= Edgar Rădulescu =

Romanian general

Edgar Rădulescu (27 December 1890 – 30 December 1976) was a Romanian general during World War II. He was a recipient of the Knight's Cross of the Iron Cross of Nazi Germany.

==Biography==
Born in Bucharest, he fought in World War I. He advance in rank to lieutenant colonel in 1930 and to colonel in 1940. In 1941–1942 he served as Prefect of Brăila County. In April 1941 he was named commanding officer of the 19th Infantry Division and in September of that year he became commender of the II Corps (Artillery). In April 1942 he assumed command of the 11th Infantry Division and later that year he participated in the Battle of Stalingrad. In March 1943 he was promoted to brigadier general (dated back to October 1942) and in 1944 he fought in the Battle of Târgu Frumos. After Romania switched sides to the Allies in August 1944, Rădulescu commanded the II Corps in Hungary in Czechoslovakia in January–February and March–April 1945. At the end of the war he retired with the title of major general (Reserves).
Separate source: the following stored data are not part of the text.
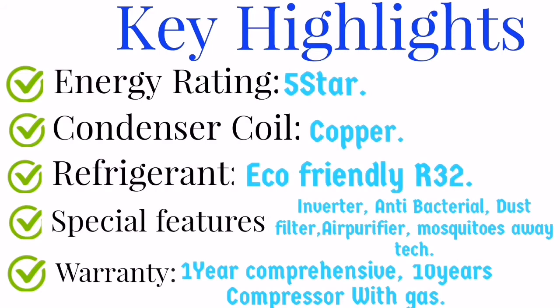Checking all the key highlights: the energy rating is 5 star, and the condenser coil is made of copper, which is good for the environment and resistant to corrosion. The refrigerant is eco-friendly R32. The special features LG provides include an inverter antibacterial and dust filter, air purifier, and mosquito away technology. The warranty is 1 year on the product and 10 years on the compressor with gas.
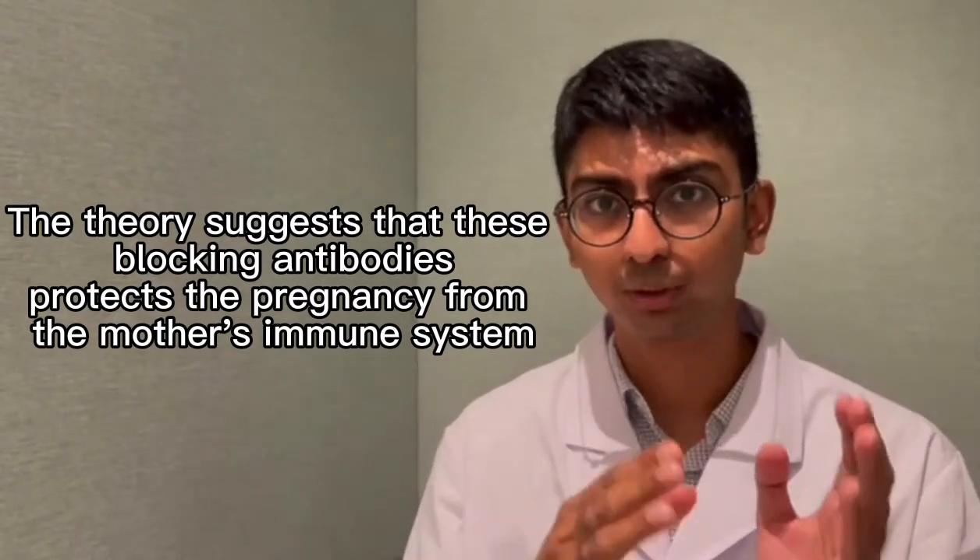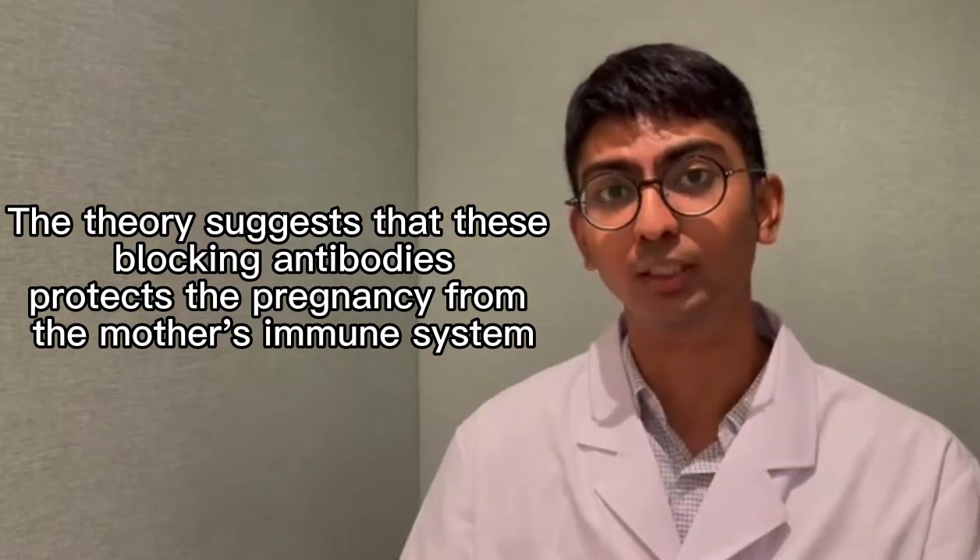They believe that by putting these lymphocytes into the mother's bloodstream, it will increase these specific antibodies. The higher they are, the more of them there are, the higher the likelihood of a successful pregnancy.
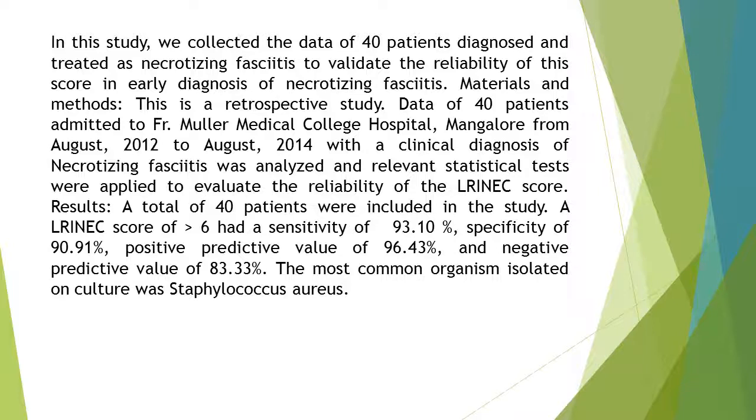Materials and Methods: This is a retrospective study. Data of 40 patients admitted to Father Muller Medical College Hospital, Mangalore, from August 2012 to August 2014, with a clinical diagnosis of necrotizing fasciitis was analyzed and relevant statistical tests were applied to evaluate the reliability of the LRINEC score.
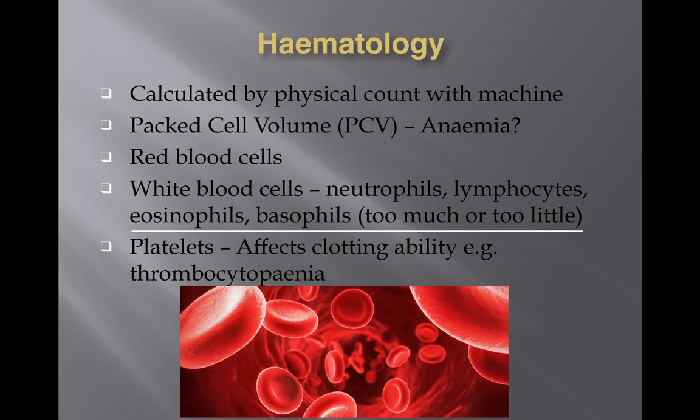White blood cells include cells like neutrophils, which are your defense mechanism — your army against bacteria and other foreign invasion or infection — as well as lymphocytes, eosinophils, and basophils. You're looking at whether there are too many or too little: too many neutrophils may indicate an inflammatory condition or infection, while too few might suggest something is suppressing the bone marrow.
In August 1969, he was promoted to lieutenant general in the reserves.

==Awards==
- Iron Cross (1939) 2nd and 1st Class
- Order of the Star of Romania, Officer class (8 June 1940)
- Order of the Crown of Romania, Commander class (27 January 1942)
- Order of Michael the Brave, 3rd class (13 September 1943)
- Knight's Cross of the Iron Cross (3 July 1944)

==Writings==
- "Din jurnalul meu de front" (1972)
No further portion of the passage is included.